7/20/10

her look of indestructable youthfulness

Newland Archer observes his new wife:

"It was wonderful that–as he had learned in the Mission garden in St. Augustine–such depths of feeling could coexist with such absence of imagination. But he remembered how, even then, she had surprised him by dropping back into inexpressive girlishness as soon as her conscience had been eased of its burden; and he saw that she would probably go through life dealing to the best of her ability with each experience as it came, but never anticipating by so much as a stolen glance.
Perhaps that faculty of unawareness was what gave her eyes their transparency, and her face the look of representing a type rather than a person; as if she might have been chosen to pose for a Civic Virtue or a Greek goddess.
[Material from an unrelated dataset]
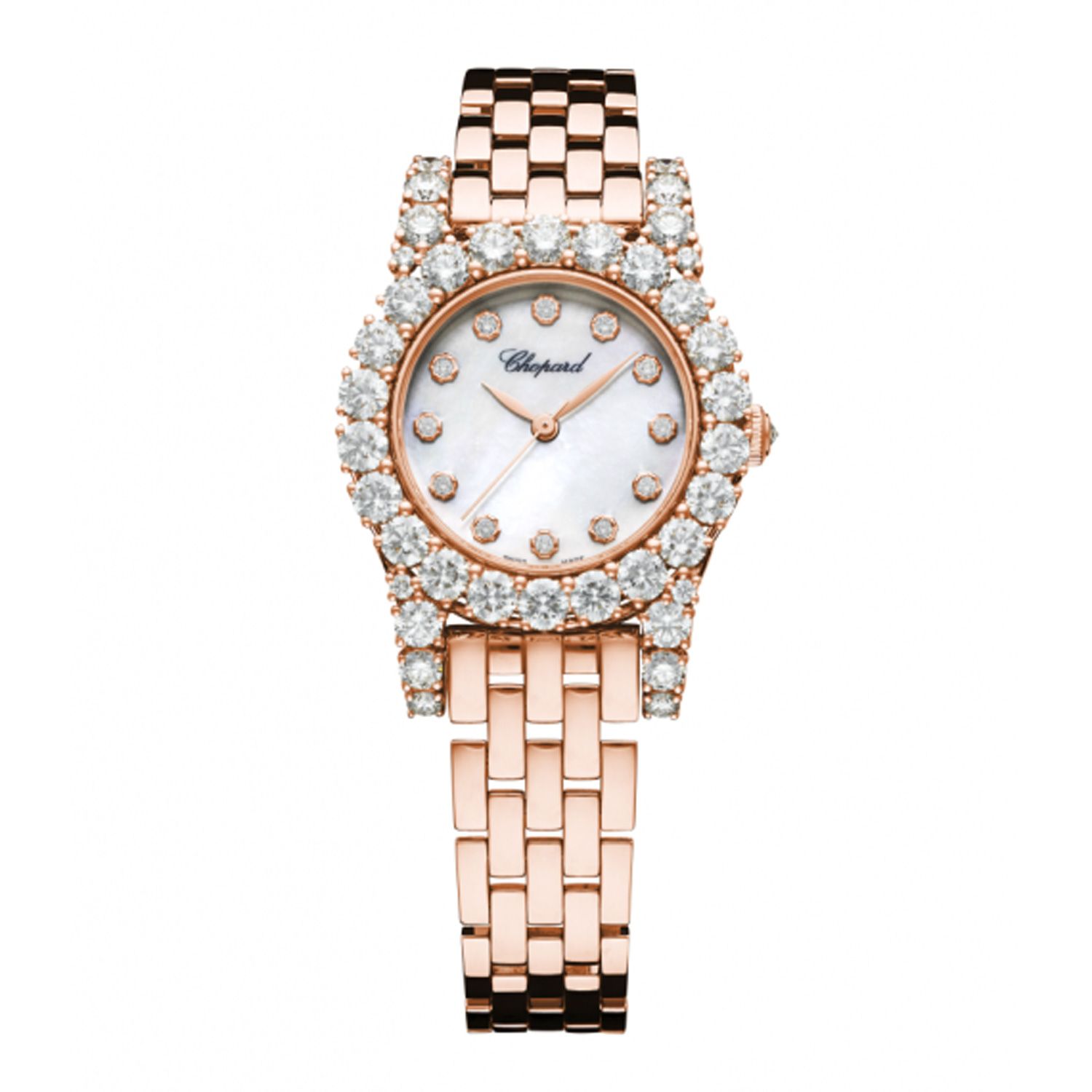 Chopard L'heure Du Diamant Round Automatic Diamond Rose Gold Bracelet 30mm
The blood that ran so close to her fair skin might have been a preserving fluid rather than a ravaging element; yet her look of indestructible youthfulness made her seem neither hard nor dull , but only primitive and pure."
-The Age of Innocence

oh Edith. Is there anyone on earth who ever wrote like a tender laser? I have sometimes, when reading your words, the distinct image of you dressed in a blindingly white, carefully tucked lab coat and spectacles in that big house in New York state, leaning over a dead bluebird on a chipped china tea plate with a shining scapel in your be-ringed hands.